Flood and Drought Management for Building Resilience to Shocks


Floods and droughts are natural disasters that may be minimized through water management. Floods are natural phenomena which cannot be avoided, but human activities including changes in land use management practices and climate change are contributing to an increase in the likelihood and adverse impacts of flood events. While flood interventions may be capital intensive, but involving both hard and soft measures, interventions responding to drought could be more management-oriented. Appropriate interventions to cope with both floods and droughts are essential to protect rural livelihoods.

FAO has embarked on a program to build resilient livelihoods by reducing disaster risks through adaptation, mitigation, and institutional capacity development in disaster risk management. Both floods and droughts can have detrimental effects on food security and livelihoods among rural smallholders causing damages to food production and infrastructures as well as human lives. However, some of the negative impacts of these natural disasters on livelihoods and food security may be reduced through water related interventions. FAO is shifting its emphasis from a crisis management to a risk management approach in regard to natural disasters, which focuses more on coping capacities, preparedness, and resilience rather than managing emergencies. Human activities such as changes in land use management practices and climate change could make the adverse effects of these events even worse. Flood and drought interventions may involving both hard and soft measures or they could be either capital intensive or management oriented. It is also important to understand that there needs to be an ecosystem approach to disaster response integrating crops, livestocks, fisheries, and forestry as multiple use systems.

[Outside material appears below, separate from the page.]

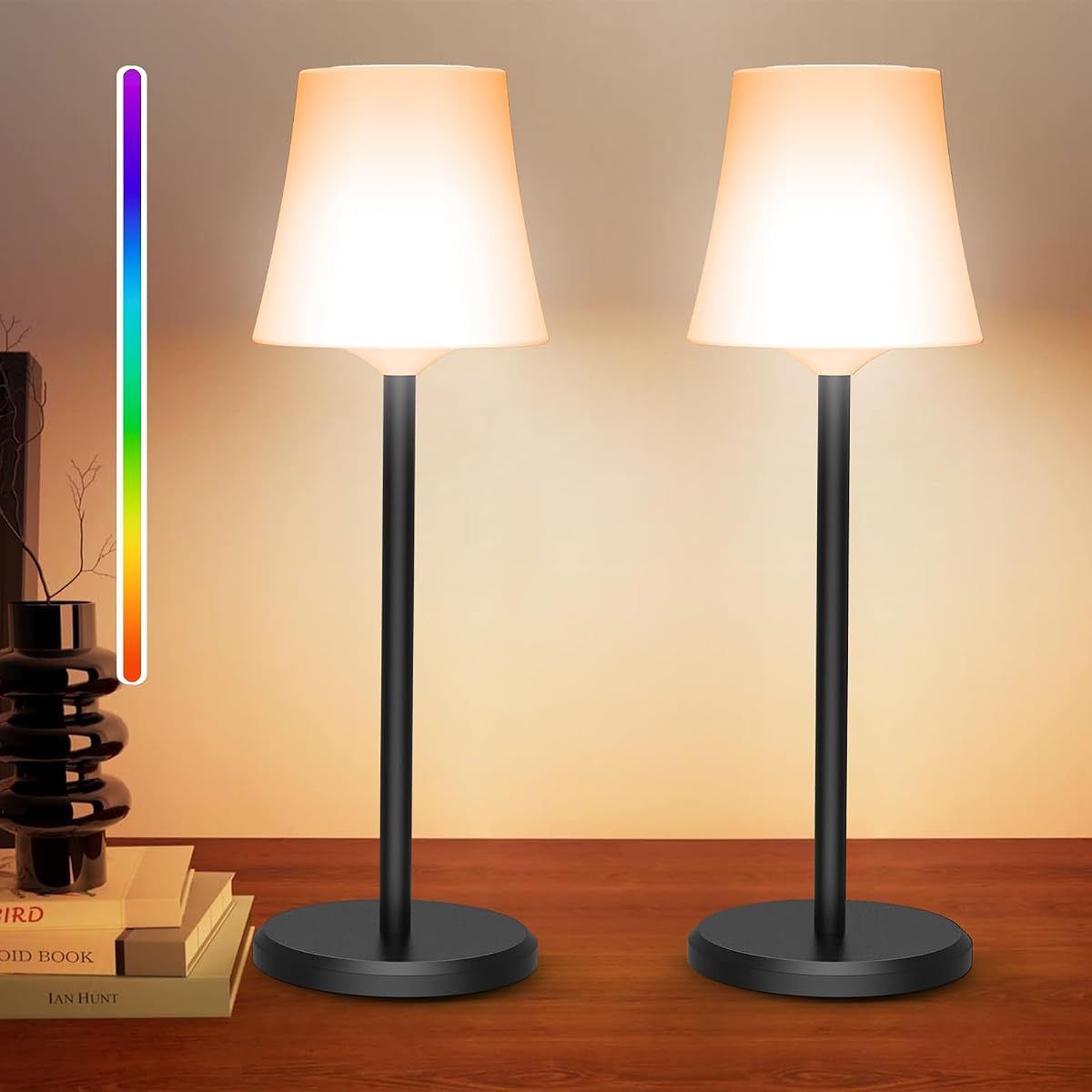Deux lampes de table Ainostone sans fil posées sur une table en bois à la lumière du soir.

The flood and drought vulnerability zones in Asia are shown in the above figures. These maps have been produced based on mortality risks. They suggest that flood risk is much higher than drought risk in Asia. However, most parts of the region are affected by both floods and droughts, and even areas having high average rainfall often have moderate drought risks. Erratic rainfall and dependence on rainfed farming are the main reason for drought vulnerability. Thus, much of the drought phenomenon in the region is short-term dry spells in weather pattern and variability rather than sustained drought over a longer period of time. Even though flood and drought are two extreme opposing events, they often should be treated as complimentary in function. In other words, floods may be utilized as opportunities to mitigate the impacts of droughts such as by managing the the flood water and the use of groundwater source conjunctively through groundwater recharge.

The impacts of droughts are realized over a longer term and are less devastating to infrastructure compared to flood damage. But they can be devastating in human terms if mitigation and adaptation measures are not properly planned. Like flood control measures, drought management strategies also involve prevention, protection and preparedness. The first two are part of wider water management; many of the interventions discussed in this section will contribute to building resilience against the impact of droughts. Past trends and expected climate change scenarios indicate that groundwater irrigation livelihood zones (Western India) and the rice and wheat based livelihood zones in South and Southeast Asia will be most impacted by drought and need appropriate strategies, including water storage measures.

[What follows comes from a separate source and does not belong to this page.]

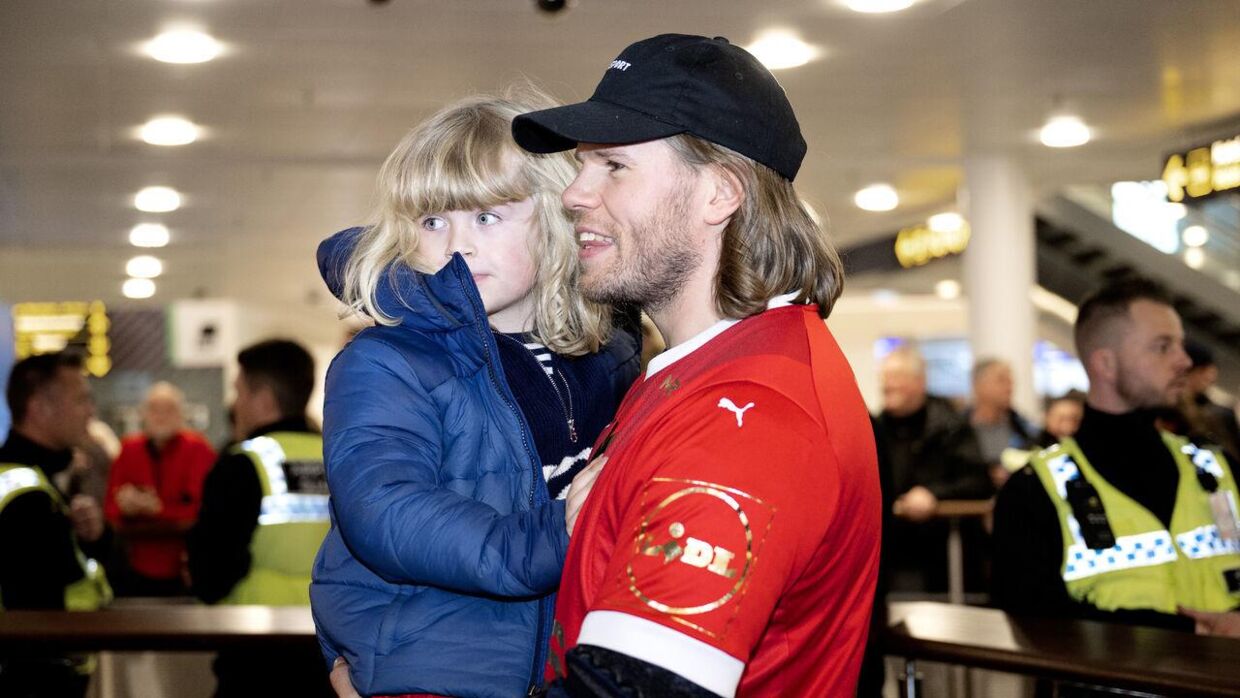 Mikkel Hansen havde sønnerne Eddie Max (på billedet) og Vince med til showet. Kasketten han bærer her er af konens mærke OpéraSPORT, da han ankommer til Københavns Lufthavn efter VM-triumfen.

Flood water harvesting – spate irrigation. (CDE, 2013)


Drought management strategies involve adaptation, mitigation, and preparedness. Many of the interventions discussed here will also contribute to building resilience against the impact of droughts including water harvesting technologies and other temporary water storage interventions.  The implementation of climate smart agriculture which was initiated by FAO is part of the regional disaster risk reduction portfolio and will continue to be a focus.  In regard to preparedness, FAO is partnering with UN Water and other UN agencies in a National Drought Management Policies Initiative for capacity development in supporting the development of national drought management policies. The objective is to hold regional workshops including Asia to increase the institutional capacities of the target countries on the development of risk based national drought management policies.